An der hintersten Haltestelle im Dorf steige ich aus und stehe auf einem grossen Platz, der überschwemmt wird von sonntäglicher Leere; es fragt sich, ob Unteriberg auf die nächste Viehschau wartet oder aber auf die Wiederauferstehung Wilhelm Tells. Nur vor dem Gasthaus Horat sitzen drei Männer an dem einzigen dort vorhandenen Tisch; zwei rauchen, einer trinkt, keiner spricht – alle drei duellieren sich mit der Ereignislosigkeit. Bei dem, was der Koch zu dem zwischen zwei handdicken Brotscheiben steckenden Käse serviert, handelt es sich gewiss um die Gurken gewordene Form seines Mitleids; ein Sandwich ohne Fleisch hält er für eine halbe Sache.
Bald hole ich mit der befeuchteten Beere des Mittelfingers die letzten Brosamen vom Teller und schwinge mich aufs Rennrad. Das elefantengraue Band der Strasse schlängelt sich durch die von Hochmooren durchzogene Landschaft, und weil mich wieder und wieder batteriebetriebene Velos überholen, denke ich an die Polin, die neu mit mir auf dem Bauernhof arbeitet. Neulich habe ich sie gefragt, welcher Arbeit sie in Polen nachgegangen war. «In Polen Arbeit schwierig», sagte sie. Damit war das Thema für sie erledigt. Ihr könnte ich kaum erklären, wieso in diesem Land so viele sportliche Leute auf einem batteriebetriebenen Fahrrad sitzen. Wollen sie gleich schnell fahren wie zuvor, aber ohne zu schwitzen? Wollen sie die schöne Natur möglichst rasch hinter sich lassen? Abgeschreckt von der magnetischen Wirkung des auch hier unausbleiblichen Passrestaurants gehe ich nahtlos zur Abfahrt über; fast tausend Höhenmeter geht es runter nach Schwyz.

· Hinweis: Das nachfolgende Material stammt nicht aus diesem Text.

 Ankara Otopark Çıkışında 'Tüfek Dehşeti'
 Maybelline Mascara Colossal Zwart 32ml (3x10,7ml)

Am Fuss des Rigi, kurz nach Immensee, biege ich in einem Kreisel falsch ab und befinde mich unverhofft bei der legendenumwobenen Hohlen Gasse; ein kurzer, von einem dichten Streifen Wald beschatteter Hohlweg, der, beflügelt von der geistigen Landesverteidigung, 1937 in den «ursprünglichen» Zustand gebracht worden war. Das heisst: die Steinblöcke rechts und links der alten Strasse wurden in die Mitte gerückt, damit der Hohlweg schön eng werde, der alte Asphalt wurde durch Steine ersetzt, um die Stätte historischer wirken zu lassen. Schulklasse um Schulklasse spürt hier seither einem Volkshelden nach, wohlwissend, dass es ihn nicht gegeben hat. In welcher Schweiz lebten wir heute, wenn Tell in der Geschichte Schillers niemanden umgebracht, sondern zum Beispiel die Schokolade oder meinetwegen das Birchermüesli erfunden hätte?
Am Rand der Hohlen Gasse, wo sich fabelhafte Historie und nüchterne Gegenwart die Hand geben, pflücke ich von einem blühenden Gundermann, knabbere die winzigen, zart-süssen Blüten. Ausgleichende Wirkung auf den Stoffwechsel wird dem Gundermann nachgesagt. Das kann ich, heimisch in einem Land, dessen Wohlstand und Geschichte mir immer wieder Rätsel aufgeben, gut gebrauchen. Im Kreisel erwische ich diesmal die richtige Abzweigung nach Luzern; geblendet vom silbernen Vierwaldstätterwasser lasse ich die Kette schnurren.